Hitting the gym helps brand-building

Many a health club frequenter bemoans sugar. The sweet stuff is the enemy; and those who like to stay in shape know how to avoid it. In fact, fitness freaks are experts on all things healthy - and their opinion is gold.

Many a health club frequenter bemoans sugar. The sweet stuff is the enemy; and those who like to stay in shape know how to avoid it. In fact, fitness freaks are experts on all things healthy – and their opinion is gold.

At least, that’s the attitude Equal brand sweeteners took when it approached Toronto’s event marketing company Consolidated Marketing Group (CMG) to poll the health-conscious about their thoughts on sweeteners.

CMG went to Ontario health and fitness clubs during the first week of February to the first week of March, set up displays in the front entrances, gave out sample packets to take home and discovered that Equal is indeed tops in the world of sugar substitutes.

‘This was a very focused program, we wanted to get the pulse of what women were thinking,’ says Toro Bustamente, CMG’s MD.

Equal’s core demo is women aged 18 to 34. In major chains like Mississauga, Ont.-based Premier Fitness, women filled out a ballot that asked them if they purchased sugar replacements: 66% said yes.
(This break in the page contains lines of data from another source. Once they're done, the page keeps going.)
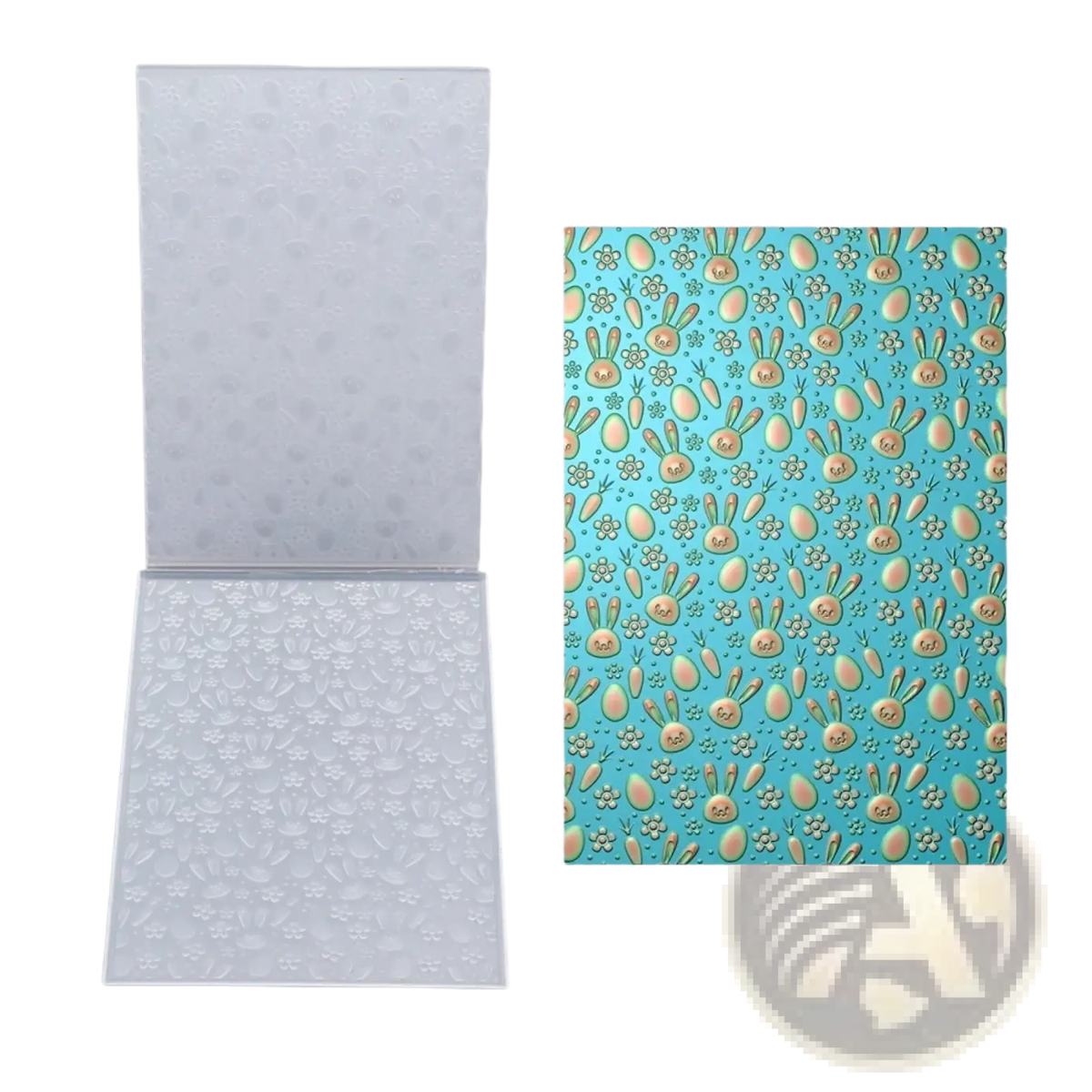 Clear plastic 3d floral embossing folder with easter bunny and egg designs for card making on light blue background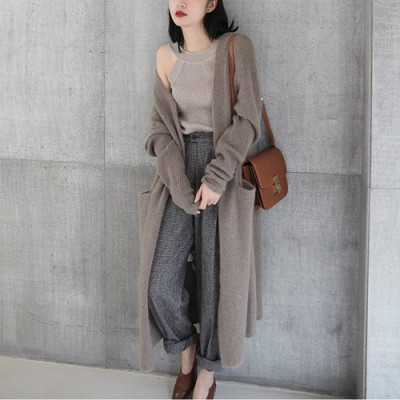"Ulzzang style coat with twisted yarn chunky knit sweater, women's medium-long loose Korean version 2025 autumn"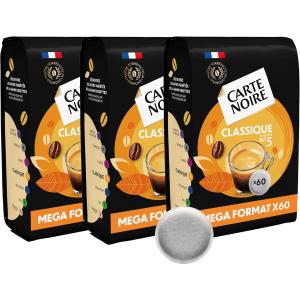 Image Pack 3x60 Dosettes de café Carte Noire Classique N°5 - Rainforest - 180 dosettes à 21,70€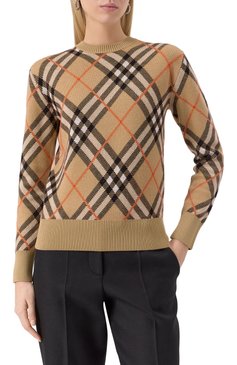 Женский шерстяной пуловер BURBERRY бежевого цвета, арт. 8093486 | Фото 3 (Рукава: Длинные; Материал внешний: Шерсть; Длина (для топов): Стандартные; Материал сплава: Проставлено; Драгоценные камни: Проставлено; Стили: Кэжуэл; Женское Кросс-КТ: Пуловер-одежда)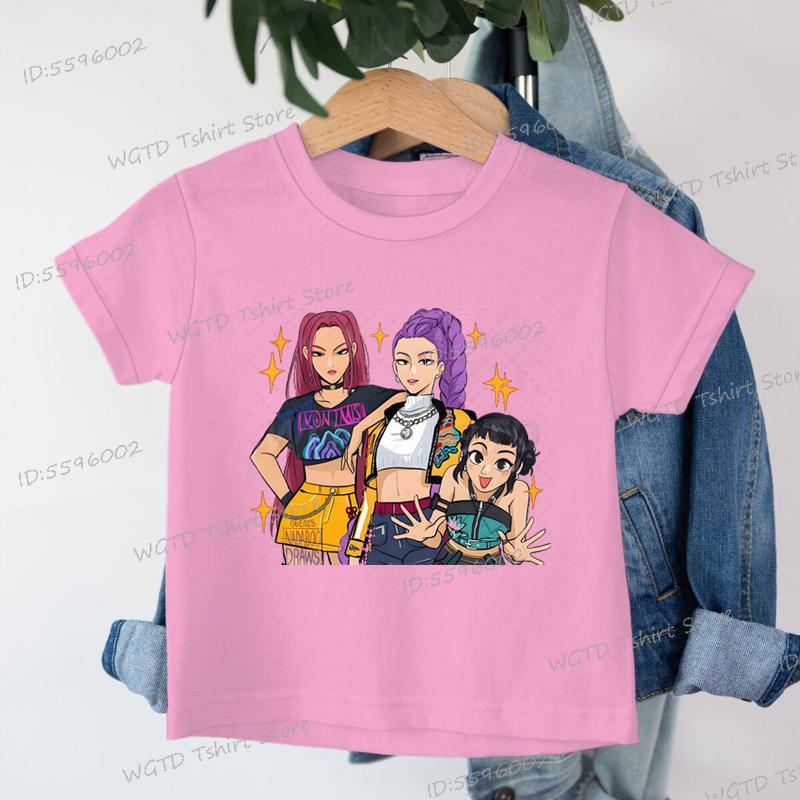 Dětské tričko KPop Lovci démonů Potisk Módní Ležérní Topy 2025 Film Posádka Kulatý výstřih Kreslené Dívčí Chlapecké Tričko Ležérní Oblečení pro Miminka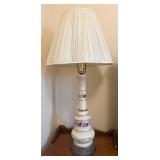 Porcelain Table Lamp w/ Floral Motif & Shade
Other questions included which brands were bought. Equal was first at 36%, followed by Sugar Twin, Sweet & Low and Splenda. (Sugar was still up there, though, at 19%.) When asked if they would purchase Equal again, 50% said yes, while 24% said probably.

Respondents who gave their addresses were added to the ‘Club Equal’ database for future promotions; 390 women joined, and were entered into a draw for two tickets to the Caribbean.
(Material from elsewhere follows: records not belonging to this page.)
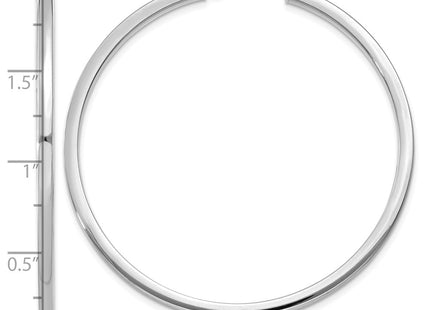 14K white gold hoop earrings, further view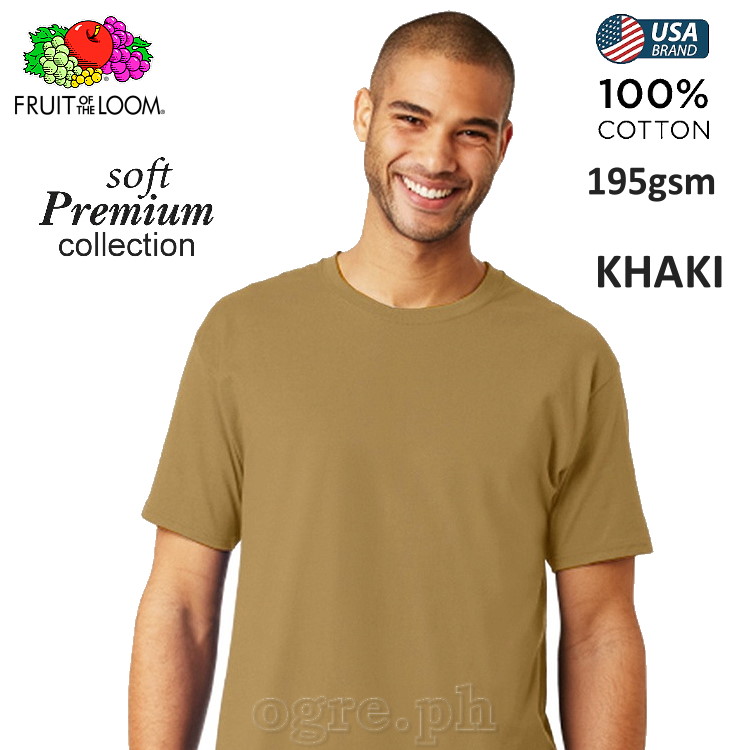 SP-195K Khaki Soft Premium Round Neck Tee 195gsm 100% Cotton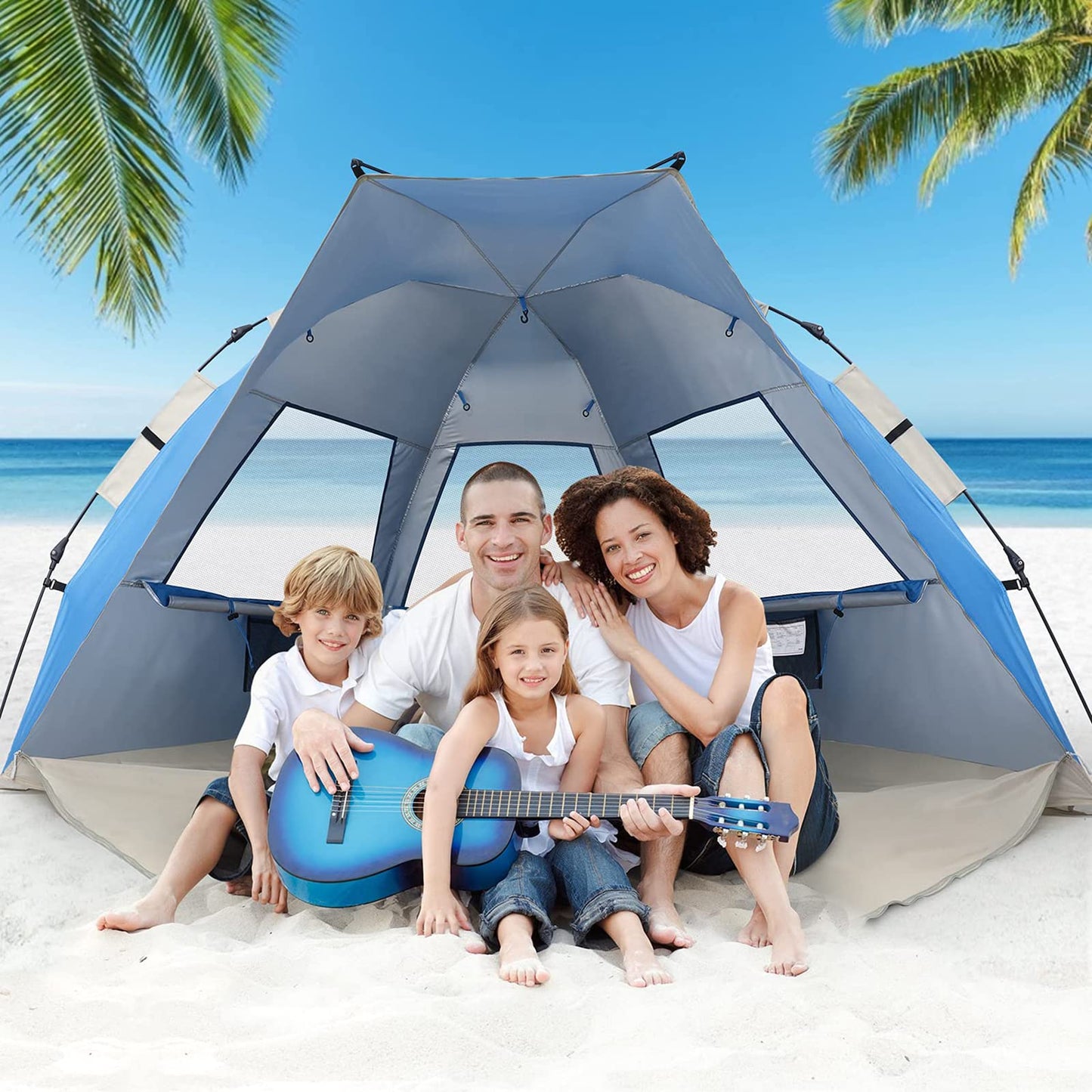 G4Free 3-4 Person Beach Tent Pop Up Shade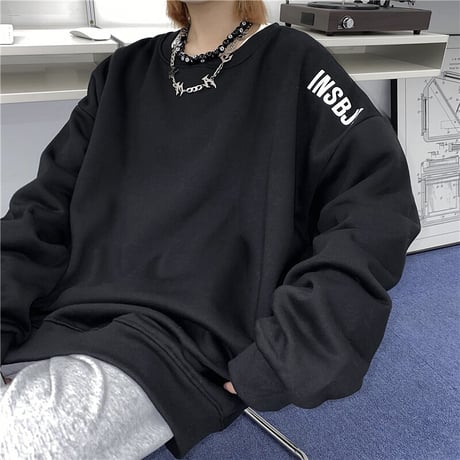 ユニセックス トレーナー プルオーバー 裏起毛 長袖 スウェット クルーネック オーバーサイズ 韓国ファッション メンズ レディース カジュアル ストリート系 DTC-660948217951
‘Instead of setting up in a general shopping place where there’s lots of clutter, we found places where people are more willing to offer an opinion,’ Bustamente says. ‘If you make it relevant, people are more apt to engage you.’

Health club sampling is quickly becoming popular. Members are mostly like-minded and are a captive audience, much like movie theatre viewers.

A recent study conducted by the Promotion Marketing Association Product Sampling and Demonstration Council in New York found that 25% of gym-goers received an in-house sample last year, and 68% said they were excited about getting the sample. Those samples led to 71% of all participants to purchase the product.

Bustamente says targeting places where prospective demographics can be found is a common practice for CMG. The company has completed similar promotions for Quaker rice cakes in health clubs; it has sampled hot chocolate at the bottom of ski hills and has promoted dental gum at entrances of drugstore chains.

While CMG’s vision is to search out captive respondents, Bustamente’s next location could be a little too captive.

‘In the fall, we want to try sampling in taxi cabs – it gives you an intimate moment with the consumer,’ he says, noting that on average, 18- to 49-year-old men and women spend 10 to 15 minutes per ride. ‘Let’s say you didn’t have time for breakfast this morning and you get in your cab and the driver offers you a fruit bar and a coupon. We look at diverse ways like this for people to sample where a product can be most effective.’